Post-Privacy

Jonathan Franzen über Privatsphäre und öffentliche Sphäre

„Die vernetzte Welt eine Bedrohung der Privatsphäre? Sie ist das hässliche Schaustück einer auftrumpfenden Privatspäre.“ (J. Franzen)

Google Street View, der großangelegte Datenklau bei Sony, das Sammeln der iPhone-Bewegungsdaten durch Apple – kaum vergeht eine Woche ohne einen neuen Datenskandal, begleitet von einer öffentlichen Debatte um Privatsphäre und Datenschutz. Spätestens seitdem hierzulande die „datenschutzkritische Spackeria“ mit ihren provokanten Post-Privacy-Thesen auf der netzpolitischen Bühne aufgetaucht ist, ist eine neue Diskussion um das Spannungsfeld zwischen Privatspäre und Öffentlichkeit entbrannt.

Mich hat das an einen Essay des amerikanischen Romanciers Jonathan Franzen aus dem Jahr 1998 erinnert. Der Text „Riesenschlafzimmer“ (original „Imperial Bedroom“) erschien einige Jahre später in dem Band „Anleitung zum Alleinsein“ und scheint von zeitloser Aktualität zu sein, wenngleich Franzen im Vorwort einräumt, „Riesenschlafzimmer“ sei entstanden, „bevor John Ashcroft mit seiner offenkundigen Gleichgültigkeit gegenüber Persönlichkeitsrechten Justizminister wurde“. Dieser Einzelaspekt wiege jedoch geringer, als das dem Buch „zugrunde liegende Thema: die Schwierigkeit, in einer lärmenden und zerstreuenden Massenkultur Individualität und Vielschichtigkeit zu bewahren: die Frage, wie Alleinsein geht.“

Und so setzt sich Franzen, bekannt für seine schneidenden und niemals polemischen Gesellschaftsanalysen, in „Riesenschlafzimmer“ mit der überraschenden Forderung nach mehr öffentlichem Raum auseinander. Nicht die obsessiv verfochtene Privatspäre sei bedroht („Wir ertrinken geradezu in Privatspäre“), sondern vielmehr der öffentliche Raum – durch das permanente, ungenierte Hineintragen des Privaten. Ein wirklich öffentlicher Raum sei der, „wo jeder Bürger willkommen und das rein Private entweder ausgeschlossen oder zurückgedrängt ist.“ – wie bspw. beim Besuch eines Kunstmuseums, wo dreister Konsumismus absent, Anstand und Stille hingegen vorgeschrieben seien. Stattdessen jedoch werde man in der Öffentlichkeit fortlaufend mit dem Privaten belästigt, vom Redenschwinger im Bus, über die Handy-Telefonierer in der Supermarktschlange bis hin zu massivsten Entblößungen im Fernsehen, die uns noch im Wohn- und Schlafzimmer ereilen, wo das Fernsehen freilich selbst zur Schlafzimmerbühne werde.

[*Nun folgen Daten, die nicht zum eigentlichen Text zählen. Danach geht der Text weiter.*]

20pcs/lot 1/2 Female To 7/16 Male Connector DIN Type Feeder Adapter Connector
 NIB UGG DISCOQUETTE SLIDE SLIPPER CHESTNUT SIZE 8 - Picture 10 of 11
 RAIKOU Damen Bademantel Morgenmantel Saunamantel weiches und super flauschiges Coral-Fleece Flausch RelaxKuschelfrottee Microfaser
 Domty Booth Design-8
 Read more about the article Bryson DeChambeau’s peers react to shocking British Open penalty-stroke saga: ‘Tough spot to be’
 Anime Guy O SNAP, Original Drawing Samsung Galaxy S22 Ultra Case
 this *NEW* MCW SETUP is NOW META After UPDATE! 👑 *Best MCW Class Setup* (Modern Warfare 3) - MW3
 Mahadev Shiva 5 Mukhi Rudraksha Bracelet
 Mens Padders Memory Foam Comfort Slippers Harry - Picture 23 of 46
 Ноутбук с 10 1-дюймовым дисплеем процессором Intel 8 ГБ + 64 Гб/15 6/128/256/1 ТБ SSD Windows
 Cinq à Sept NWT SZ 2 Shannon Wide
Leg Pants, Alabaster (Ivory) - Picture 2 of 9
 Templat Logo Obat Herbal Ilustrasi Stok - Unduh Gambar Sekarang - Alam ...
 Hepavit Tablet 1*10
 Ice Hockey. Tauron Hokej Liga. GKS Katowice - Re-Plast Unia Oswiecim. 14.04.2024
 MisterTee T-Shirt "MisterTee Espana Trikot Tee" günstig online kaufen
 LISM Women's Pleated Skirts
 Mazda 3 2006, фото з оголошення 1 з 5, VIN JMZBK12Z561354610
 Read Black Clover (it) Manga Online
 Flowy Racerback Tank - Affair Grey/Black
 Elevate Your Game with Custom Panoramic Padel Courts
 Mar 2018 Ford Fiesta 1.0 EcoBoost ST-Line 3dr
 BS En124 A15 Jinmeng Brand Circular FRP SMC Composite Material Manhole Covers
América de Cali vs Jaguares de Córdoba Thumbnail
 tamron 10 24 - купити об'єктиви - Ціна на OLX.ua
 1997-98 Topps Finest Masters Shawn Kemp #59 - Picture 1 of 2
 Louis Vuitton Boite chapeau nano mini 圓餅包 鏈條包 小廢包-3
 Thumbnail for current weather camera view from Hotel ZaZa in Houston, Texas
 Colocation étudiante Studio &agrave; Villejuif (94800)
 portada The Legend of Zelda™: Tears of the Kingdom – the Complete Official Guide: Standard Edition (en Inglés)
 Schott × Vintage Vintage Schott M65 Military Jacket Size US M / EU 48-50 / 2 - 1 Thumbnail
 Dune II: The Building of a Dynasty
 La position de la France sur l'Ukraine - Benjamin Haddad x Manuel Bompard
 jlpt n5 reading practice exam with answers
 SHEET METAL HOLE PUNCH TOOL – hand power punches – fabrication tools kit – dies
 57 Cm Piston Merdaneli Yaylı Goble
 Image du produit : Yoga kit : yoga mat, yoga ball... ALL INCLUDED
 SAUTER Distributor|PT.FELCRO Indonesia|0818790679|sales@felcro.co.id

Gleichzeitig lenkt Franzen den Blick darauf, wie Menschen in den westlichen Industrienationen heute in der Regel leben können. Es möge zwar sein, dass sich Regierungen in manchen Bereichen stärker einmischten als das noch vor hundert Jahren der Fall gewesen sei. Nichtsdestotrotz seien wir den Einmischungen der damaligen Kleinstadtschnüffeleien nicht mehr annähernd so stark ausgesetzt, wie die Generationen vor uns. Vielmehr hätten sich die Möglichkeiten privater Rückzugsräume vervielfacht. Selbst die Fortbewegungsmittel seien weitgehend privat. Kurzum: Das historisch auf Louis Brandeis zurückgehende „Recht, in Ruhe gelassen zu werden“, werde insgesamt „nicht ausgehöhlt, es explodiert“.

Das Öffentliche ist das Gemeinsame und das Private das Eigene. Beide bedingen sich, beide brauchen einander in ausgeglichener Weise und zwischen beiden verläuft dennoch eine sensible Grenze. „Deshalb ist die Verletzung des öffentlichen Raums, vom Empfinden her, der Verletzung der Privatsphäre ganz ähnlich“, findet Franzen.

Und deshalb ist das Bedürfnis nach Öffentlichkeit ebenso grundlegend wie das nach Privatsphäre, ohne die die Entwicklung von Individualität nicht gelingt. Franzen meint jedoch stets eine Öffentlichkeit, in der das Private sich zurücknimmt, und nicht eine Öffentlichkeit, derer man sich im Übermaß bedient, um persönliche Eitelkeit zu nähren.